>>>>

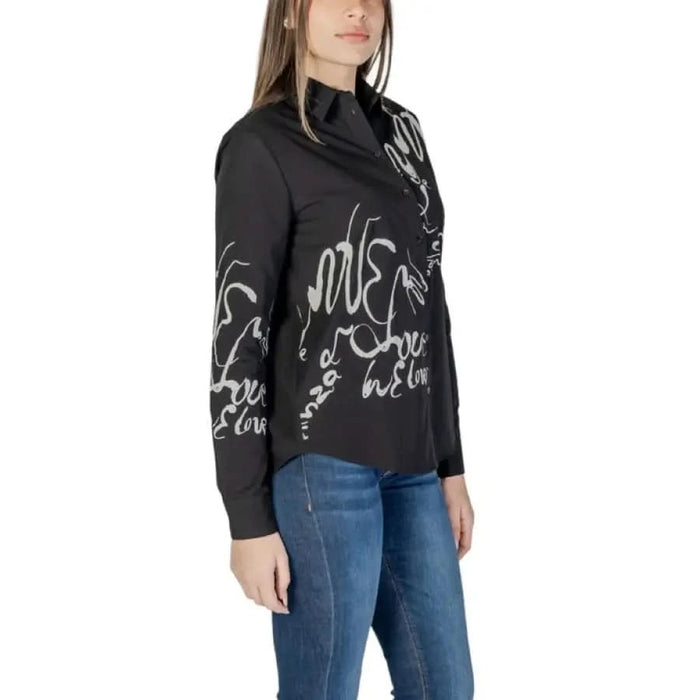 Black turtleneck sweater featuring white abstract script design from Desigual Women’s collection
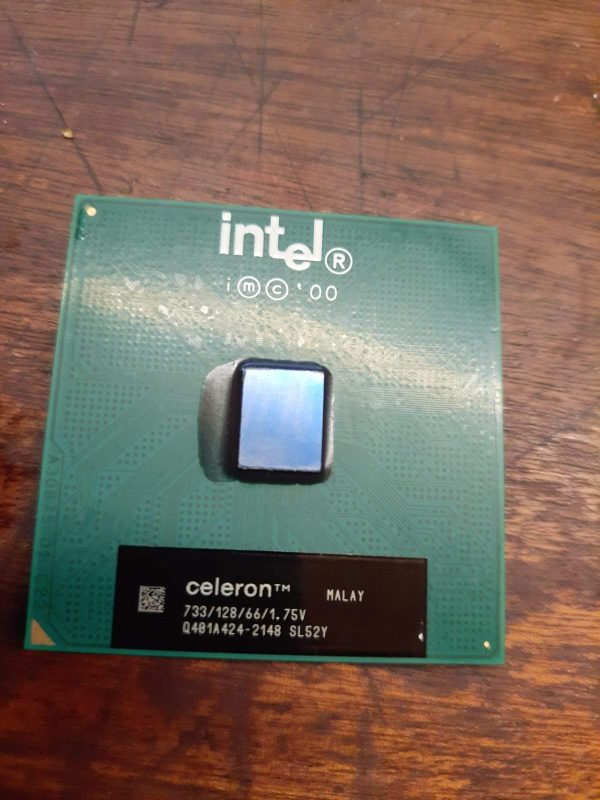 Intel Celeron 733 MHz /128/66/1.75V SL52Y CPU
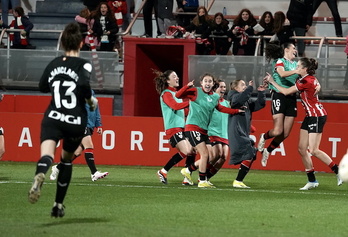 Oguiza se abraza a sus compañeras tras marcar el penalti definitivo.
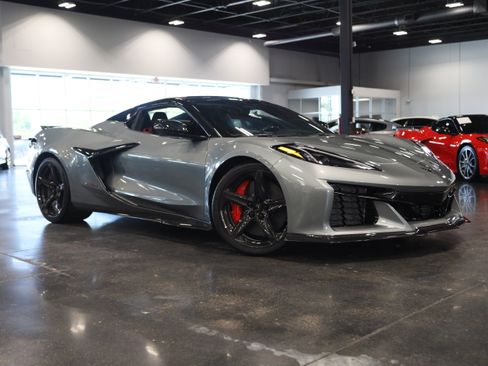 Used 2024 Chevrolet Corvette Z06 RWD image 2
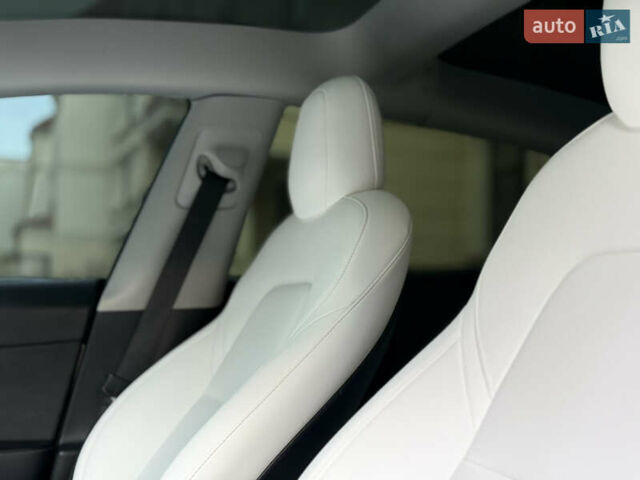 Белый Тесла Модель 3, объемом двигателя 0 л и пробегом 60 тыс. км за 22900 $, фото 21 на Automoto.ua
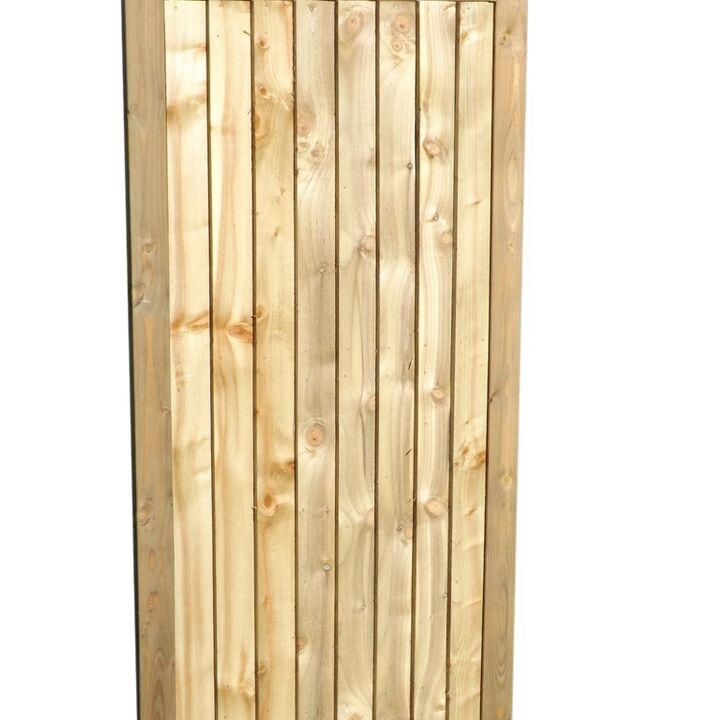 Featheredge Gate Cut.jpg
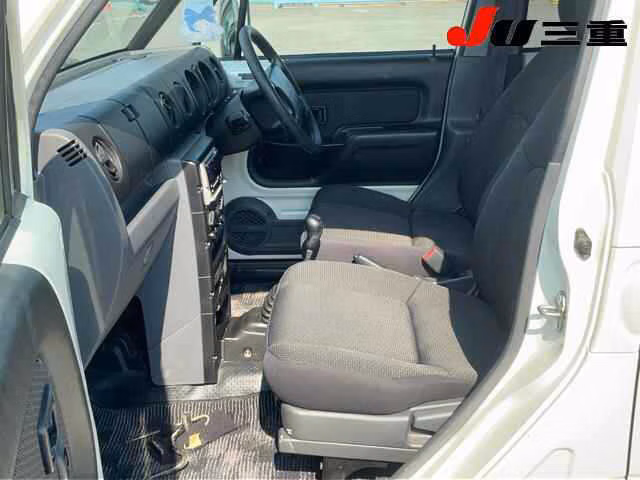 DAIHATSU NAKED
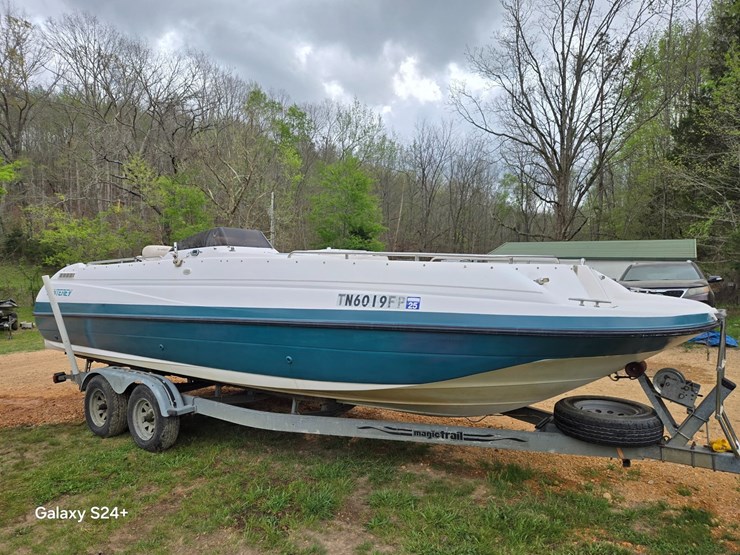 #256-•-1999-monterey-230-explorer-deck-boat---located-in-centerville,tn-image-1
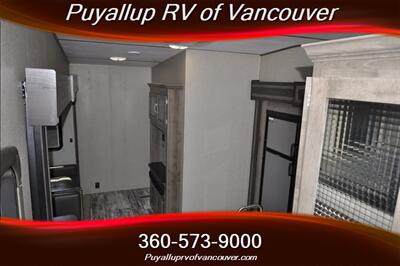2020 KEYSTONE RV SPRINTER CAMP FIRE EDITION 32   - Photo 6 - Vancouver, WA 98682-4901
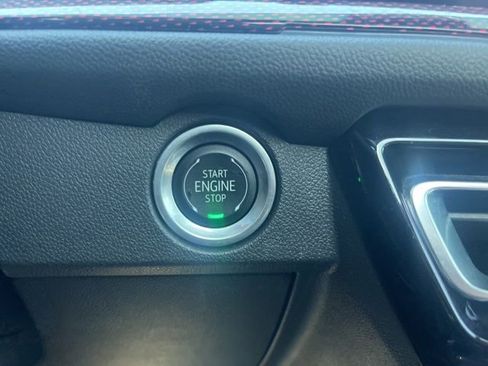 Used 2024 Chevrolet Traverse RS image 27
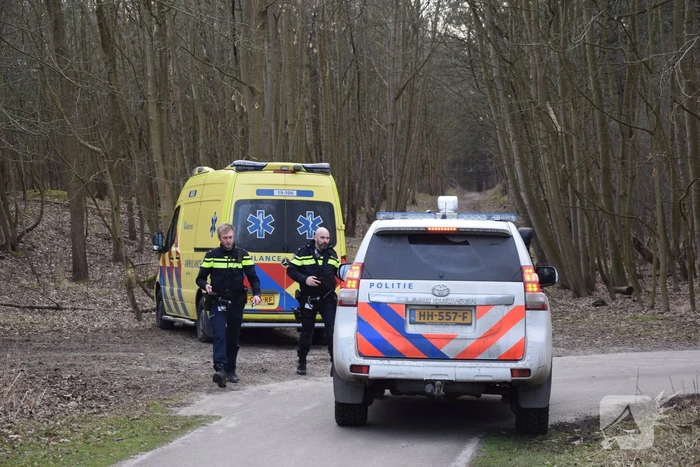 Traumahelikopter landt midden in bos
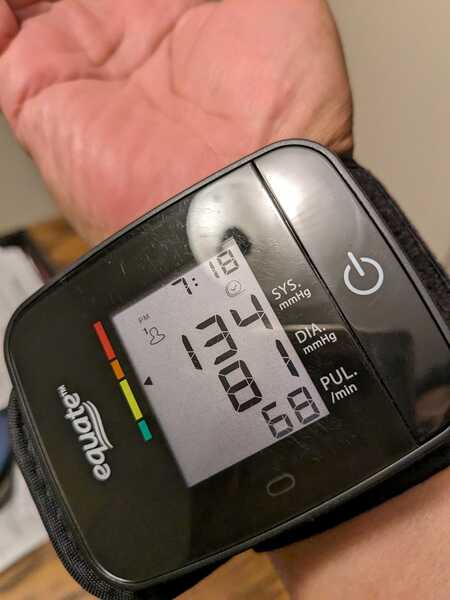 Equate 4500 Series Wrist Blood Pressure Monitor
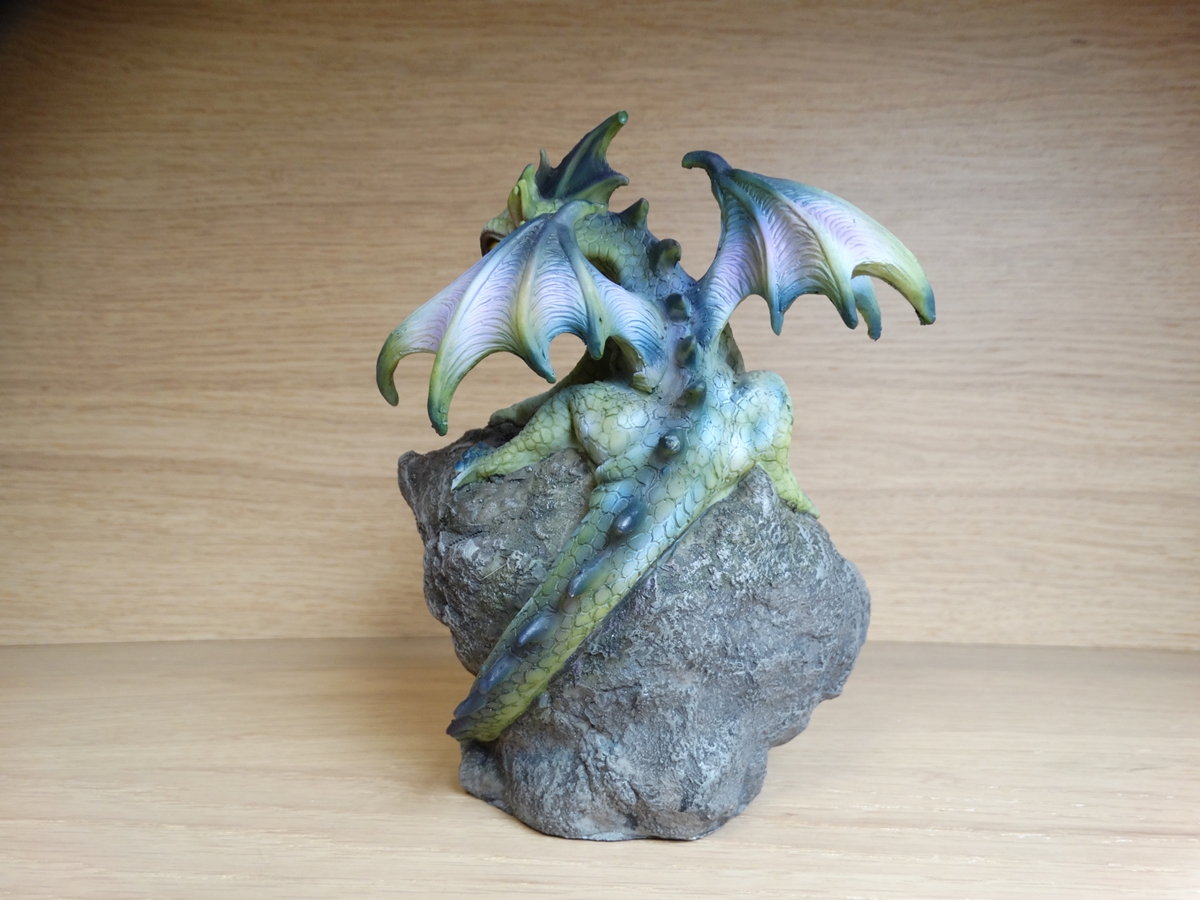Funny dragon on purple crystal - 15cm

<<<<

◆ WHAT TO PRODUCE: Restate each record from above word for word, excluding any picture it holds.

◆ ANSWER SECTION:
 Black turtleneck sweater featuring white abstract script design from Desigual Women’s collection
 Intel Celeron 733 MHz /128/66/1.75V SL52Y CPU
 Oguiza se abraza a sus compañeras tras marcar el penalti definitivo.
 Used 2024 Chevrolet Corvette Z06 RWD image 2
 Белый Тесла Модель 3, объемом двигателя 0 л и пробегом 60 тыс. км за 22900 $, фото 21 на Automoto.ua
 Featheredge Gate Cut.jpg
 DAIHATSU NAKED
 #256-•-1999-monterey-230-explorer-deck-boat---located-in-centerville,tn-image-1
2020 KEYSTONE RV SPRINTER CAMP FIRE EDITION 32   - Photo 6 - Vancouver, WA 98682-4901
 Used 2024 Chevrolet Traverse RS image 27
 Traumahelikopter landt midden in bos
 Equate 4500 Series Wrist Blood Pressure Monitor
Funny dragon on purple crystal - 15cm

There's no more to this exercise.